En seçici birinci sayfa
Batı dünyasının en önemli kültür-edebiyat dergilerinden Paris Review'ün editörü günümüzde yazarların en çok Roberto Bolano'yu taklit ettiğini söylüyor. Türkçede 'Vahşi Hafiyeler' ve 'Katil Orospular' isimli kitaplarından tanıdığımız Şilili yazarı 2003'te kaybettik. Kitapların ölümsüzlüğü bugün hala Bolano'nun tartışılmasından, ona öykünülmesinden belli.
Bu haberi geçen hafta Taraf'ın birinci sayfasında gördüm.
Bir süredir dikkat ediyorum, böylesi 'ezoterik' haberler bir tek Taraf'ın birinci sayfasında yer alıyor. Julian Barnes'ın Booker adaylığı, dünyanın en iyi restoranı El Bulli'nin kapanması ya da Venezüellalı asi gençleri klasik müzikle terbiye eden 'El Sistema' da Taraf'ın birinci sayfasında geçtiğimiz günlerde yer alan başka benzer türde haberler.
Solda akan küçük bir sütunda illa ki böyle ilgi çekici bir haber konuyor. Bana kalırsa yaptıkları en iyi iş bu. Bir de Yasemin Çongar'ın kitap yazıları.
Kitle gazetelerinden böyle bir şey beklemiyorum artık, umudumu kestim...
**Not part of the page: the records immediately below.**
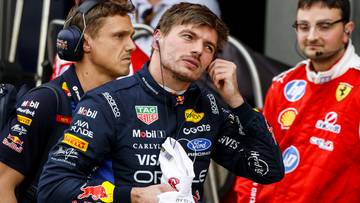 Max Verstappen, kierowca Formuły 1, w słuchawkach i kombinezonie, poprawia słuchawkę w uchu. W tle widać innych członk&oacute;w zespoł&oacute;w, w tym osoby w strojach zespoł&oacute;w Red Bull i Ferrari.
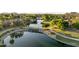 Scenic aerial view of a community pond, walking paths, and lush landscaping creating a tranquil environment at 6907 W Monona Dr, Glendale, AZ 85308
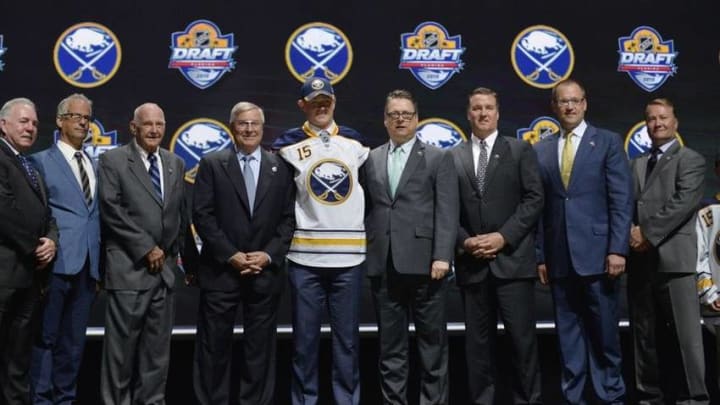 Jun 26, 2015; Sunrise, FL, USA; Jack Eichel poses with team executives after being selected as the number two overall pick to the Buffalo Sabres in the first round of the 2015 NHL Draft at BB&T Center. Mandatory Credit: Steve Mitchell-USA TODAY Sports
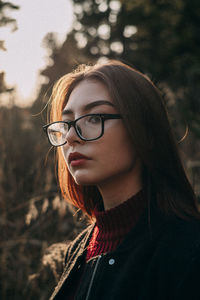 Close-up portrait of young woman looking away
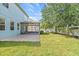 Expansive backyard featuring a patio, green lawn, and privacy fence, offering a serene outdoor space at 7710 S Desoto St, Tampa, FL 33616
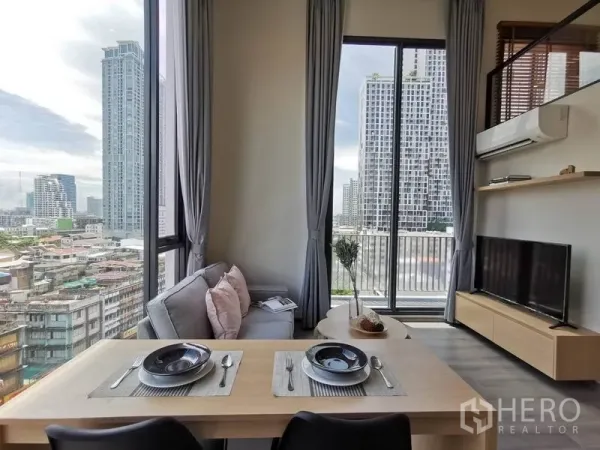 คอนโด ให้เช่าในPhaya Thai, Bangkok - โต๊ะทานอาหารและโซฟาหันสู่ทีวี พร้อมประตูกระจกสไลด์ออกระเบียงเห็นตึกสูง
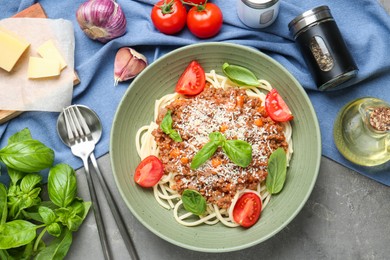 Photo of Delicious pasta bolognese with basil and tomatoes served on grey table, flat lay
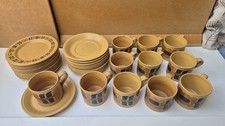 70s coffee cup and plate set. Golden brown with geometric design.Made in England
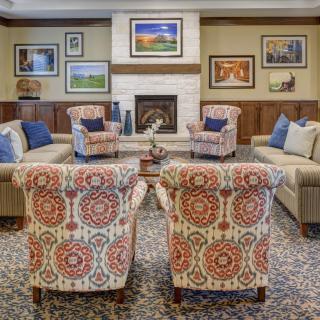 A cozy living room with patterned chairs, sofas, and a fireplace surrounded by artwork.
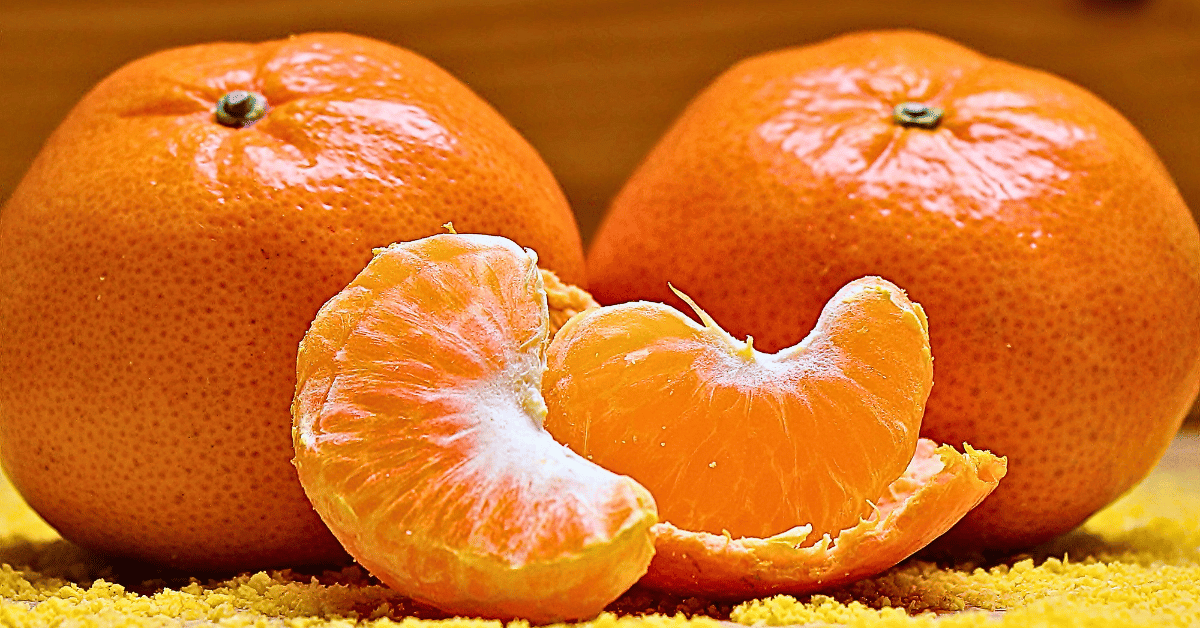 An up-close view of two whole tangerines complemented by artfully arranged slices, presented against a vibrant yellow cloth.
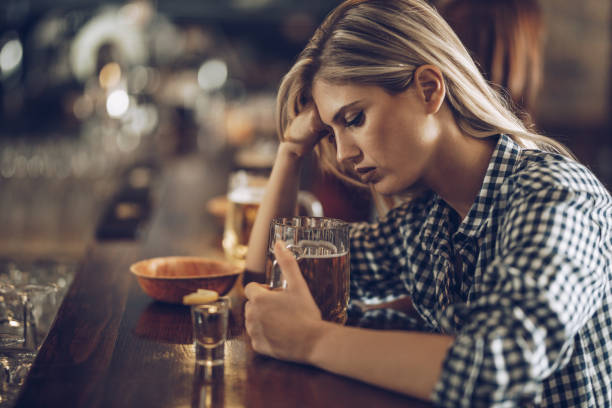 istock Lonely woman drinking beer at bar counter. 1098293780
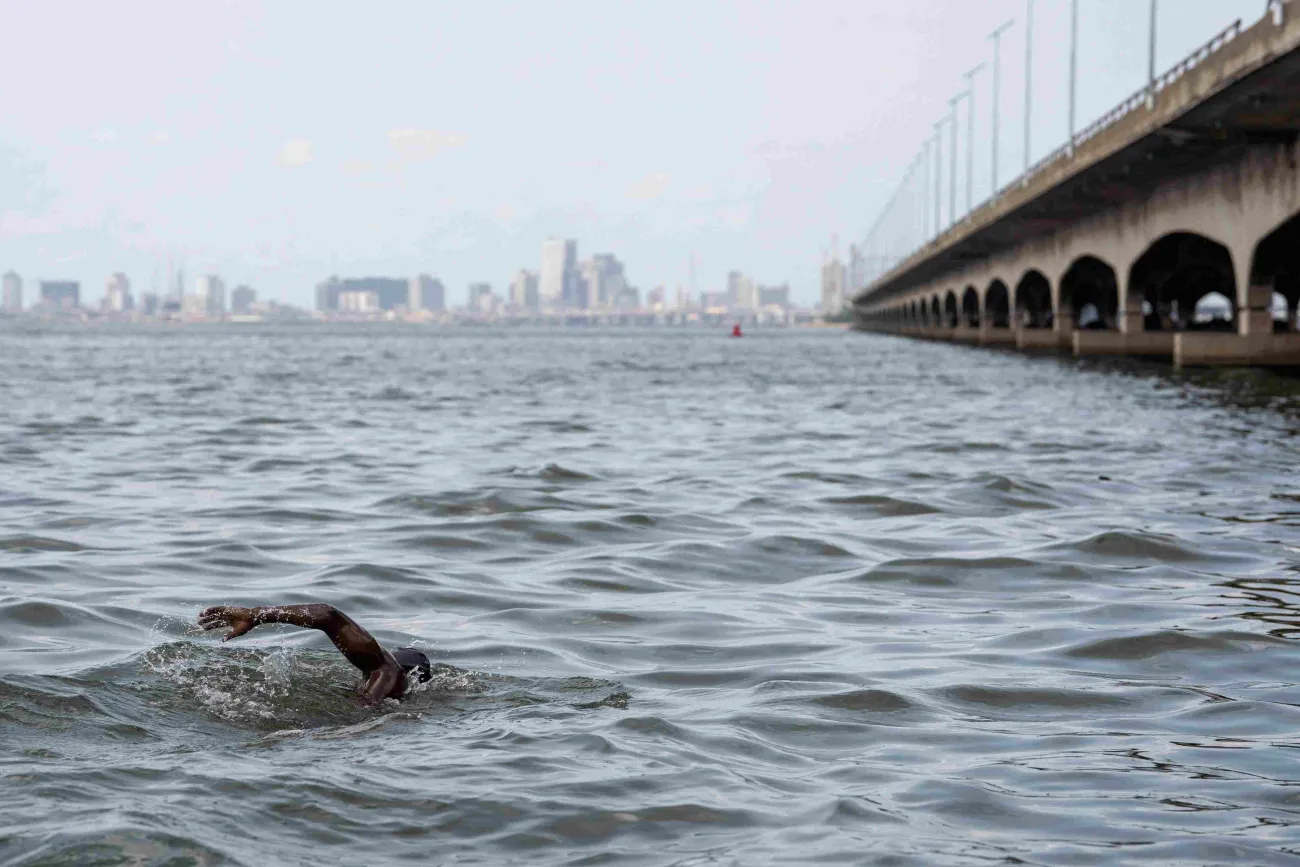 A person swimming in a large body of water alongside a bridge, heading towards a city on the horizon.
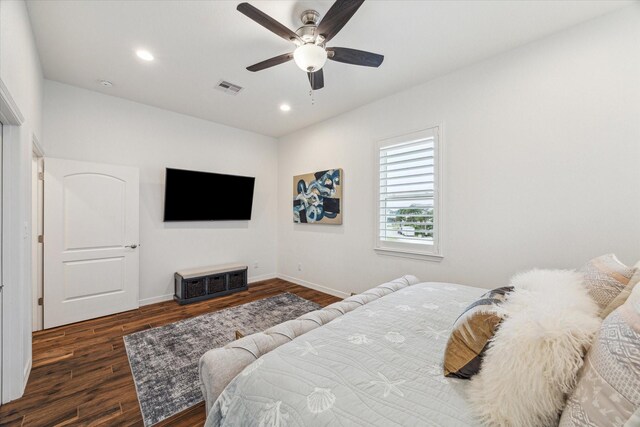 bedroom featuring ceiling fan and dark hardwood / wood-style flooring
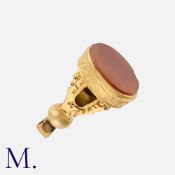 A Carnelian Fob Seal, in yellow gold, with detailed engraving and wirework to the mount. Unmarked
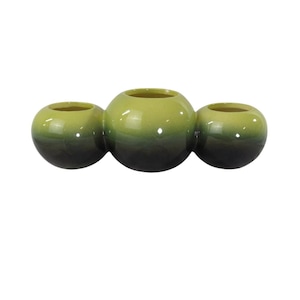 May include: A three-section ceramic planter with a green and black ombre finish. Each section is a sphere with a rounded opening at the top.
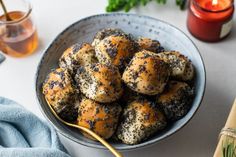 a bowl filled with sesame seed bagels next to a glass of tea and a candle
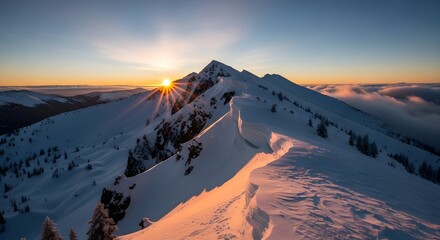 Snow covered mountain ridge at sunrise with sunburst and cloud inversion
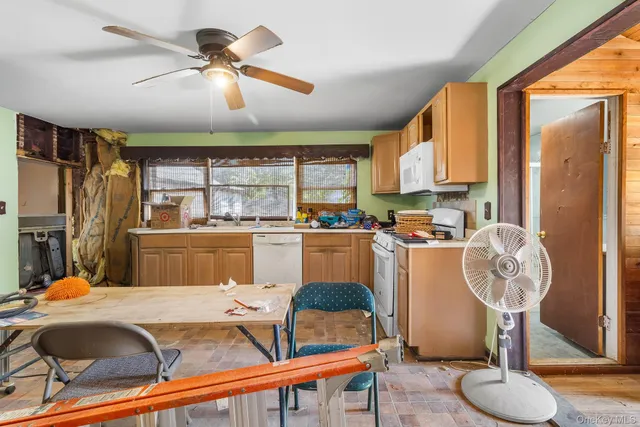 a room with table chairs and a chandelier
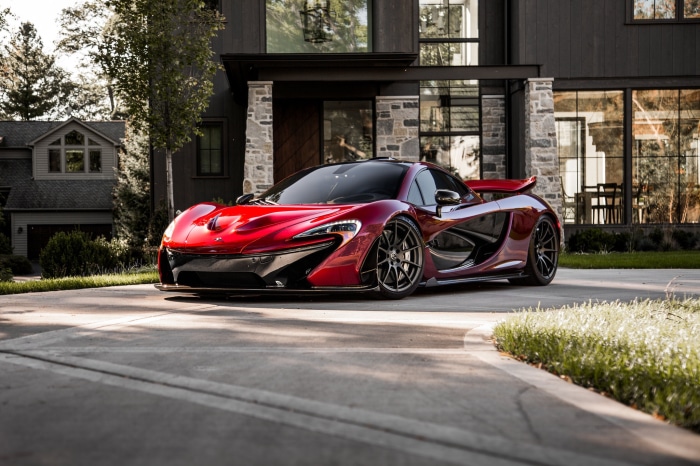 Red McLaren P1 parked in front of a modern house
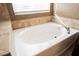 Oval bathtub with tile surround and modern fixtures at 189 Carneros Ave, Henderson, NV 89002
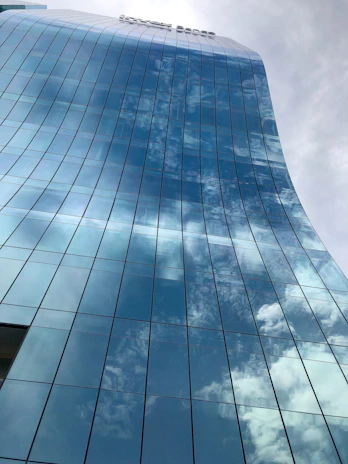 A sleek glass-fronted commercial tower reflecting the Gurgaon skyline at sunset.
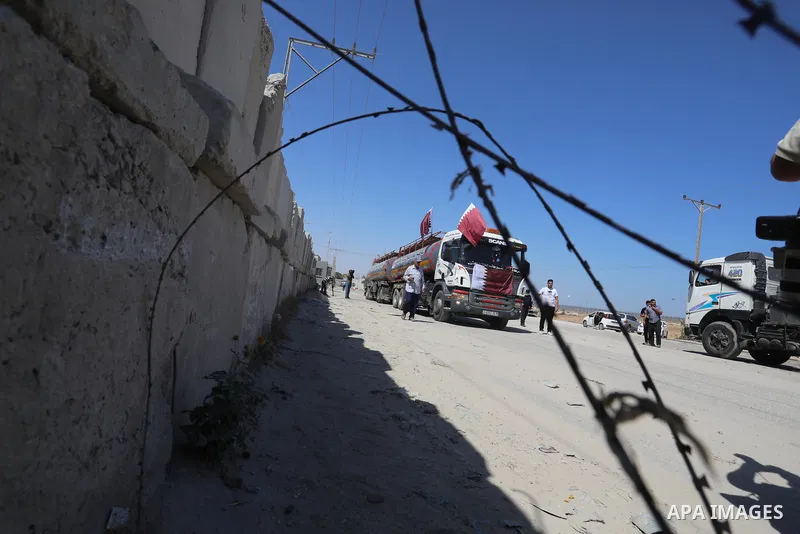 A fuel tanker for Gaza's sole power plant arrives while flying Qatari flags in Rafah in the southern Gaza Strip, on June 28, 2021 Israel allowed fuel tankers funded by Qatar to enter the Gaza Strip via the Kerem Shalom c...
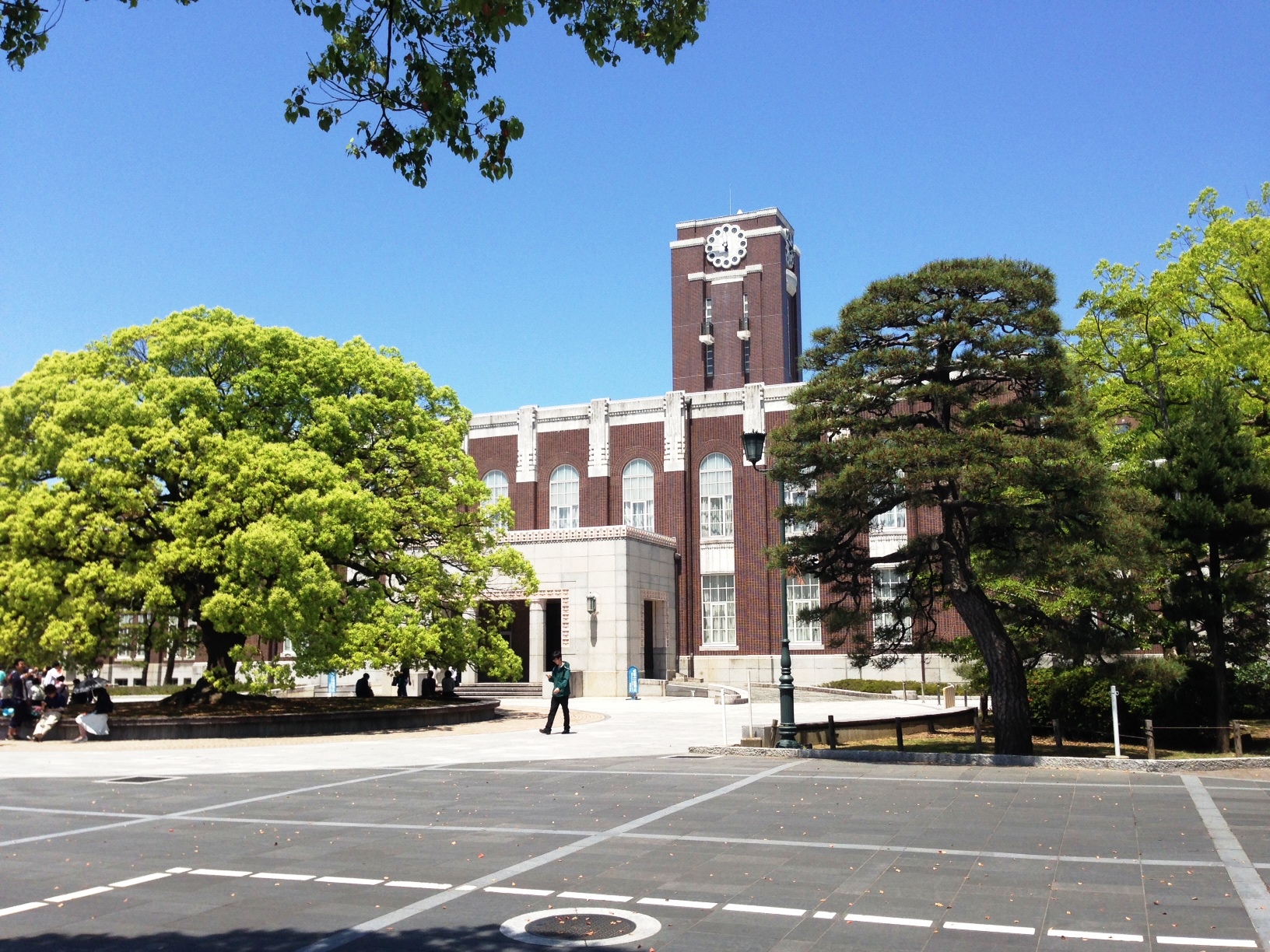 The brick clock tower of Kyoto University's Yoshida campus behind a large camphor tree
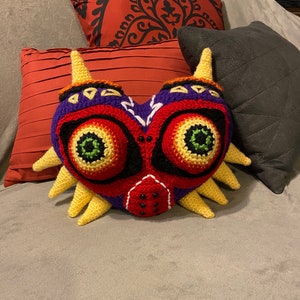 Puede incluir: Una almohada de crochet con forma de la Máscara de Majora de la serie de videojuegos The Legend of Zelda. La máscara es roja, amarilla, morada y verde con ojos negros y una boca blanca.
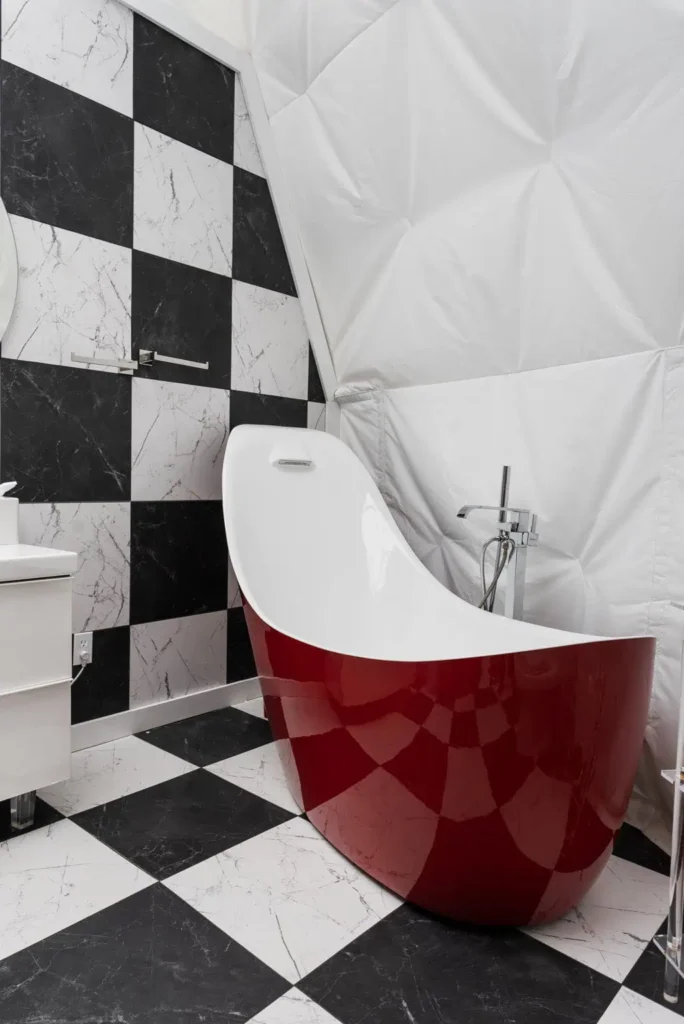 Modern bathroom featuring a sleek red freestanding bathtub, black and white checkered tile flooring, marble accent wall, and contemporary fixtures, highlighting luxurious amenities at Starman lodging, All Is Well St. Jo.
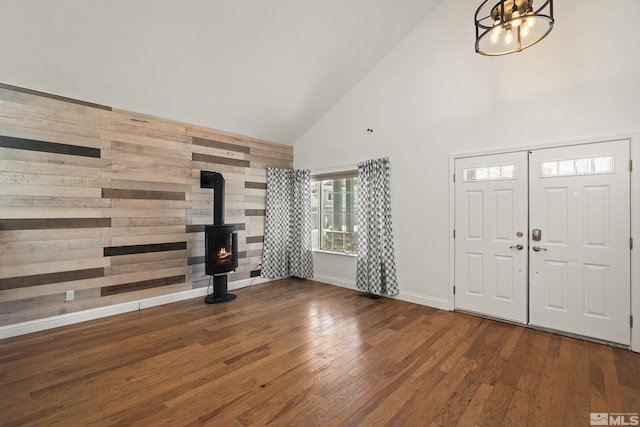 960 Country Ridge Dr, Sparks, NV 89434 - foyer entrance featuring high vaulted ceiling, a wood stove, wood finished floors, a chandelier, and baseboards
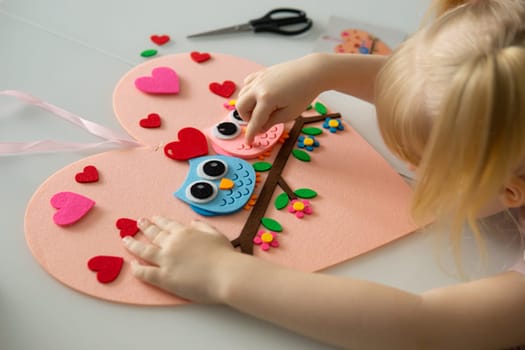 A blogger girl makes a felt craft for Valentine's Day in the shape of a heart. The concept of children's creativity and handmade.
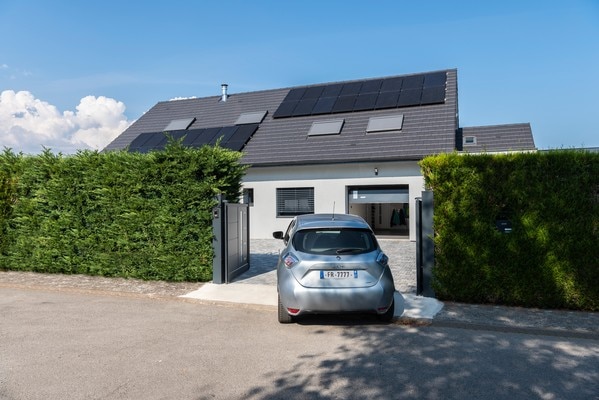 Car entering driveway with electric gates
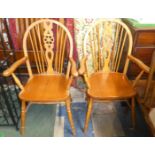 A Pair of Wheel Back Armchairs with Pierced Splats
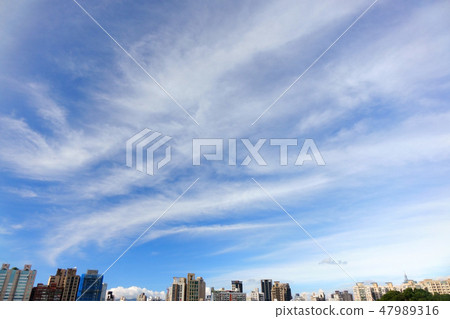 Modern city building and large fluffy clouds Modern city building and large fluffy clouds 47989316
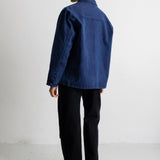 A person shown from the back wearing a dark blue denim jacket, black pants, and black boots, standing against a plain white studio background.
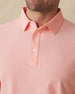 Close-up front detail of Dodge Polo in Spritz Orange showing collar and button placket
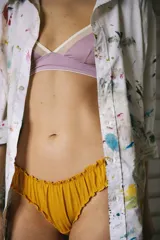 Bombacha de lycra lila con estampado de flores y volados en los bordes.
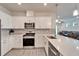 Bright kitchen with stainless appliances, and a view to the dining area and living room at 6449 Mooring Line Cir, Apollo Beach, FL 33572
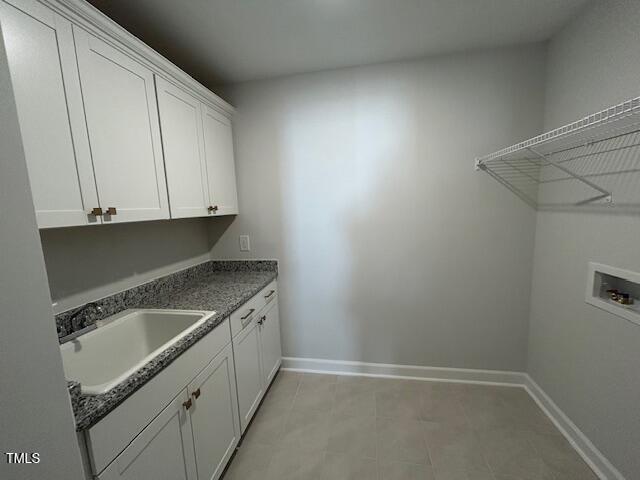 washroom featuring washer hookup, cabinets, and sink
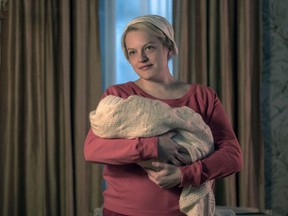 This image released by Hulu shows Elisabeth Moss in a scene from "The Handmaid's Tale." Moss was nominated Thursday for an Emmy for outstanding lead actress in a drama series. The 70th Emmy Awards will be held on Monday, Sept. 17.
Ama Cumhuriyet, Radikal gibi 'belli bir kesime' hitap eden gazetelerde, kentli okuru tavlamak isteyen yayın organlarında neden böyle haberler göremiyoruz? Özellikle de birinci sayfada.
Çünkü bilmiyorlar, önemsemiyorlar, 'Kaç kişi bilir ki, kaç kişinin ilgisini çeker mi' diyorlar. Eski alışkanlıklardan kurtulamıyorlar.
Gerekirse beş kişinin ilgisini çeksin, ürünü 'farklılaştırma' bu gibi inceliklerde yatıyor oysa.

Bu haberi Radikal yazamaz
Elif Şafak'ın kapağında erkek kılığına girdiği 'İskender' kitabı çıktı. Herkesin içinde neler gizliymiş meğerse.
Giderek, Şafak'ın kitaplarıyla Serdar Ortaç'ın şarkıları benzeşiyor sanki: Her yaza bir ürün. Tutsa da tutmasa da...
Konumuz kitap değil, kapağı... Fazlasıyla 'aşırma' gibi duran o kapak.
Bu İnternet çağında 'hırsızlık' gizli kalır mı zannediyor acaba kapağı yapanlar?
'İskender' kapağının, Elif Şafak'ın üzerindeki takım elbiseden seçilen renklere kadar 'arak' olduğu hemen ortaya çıktı.
Klasik müzik dehasını anlatan 'Genius Within: The Inner Life of Gleen Gould' belgeselinin afişine kadar benziyor değil mi?
Kitabın kapağını 'Alametifarika' ajansından Uğurcan Ataoğlu yapmış. Gerçi belki 'çalmış' demek daha doğru olur. Alametifarikası bu olsa gerek!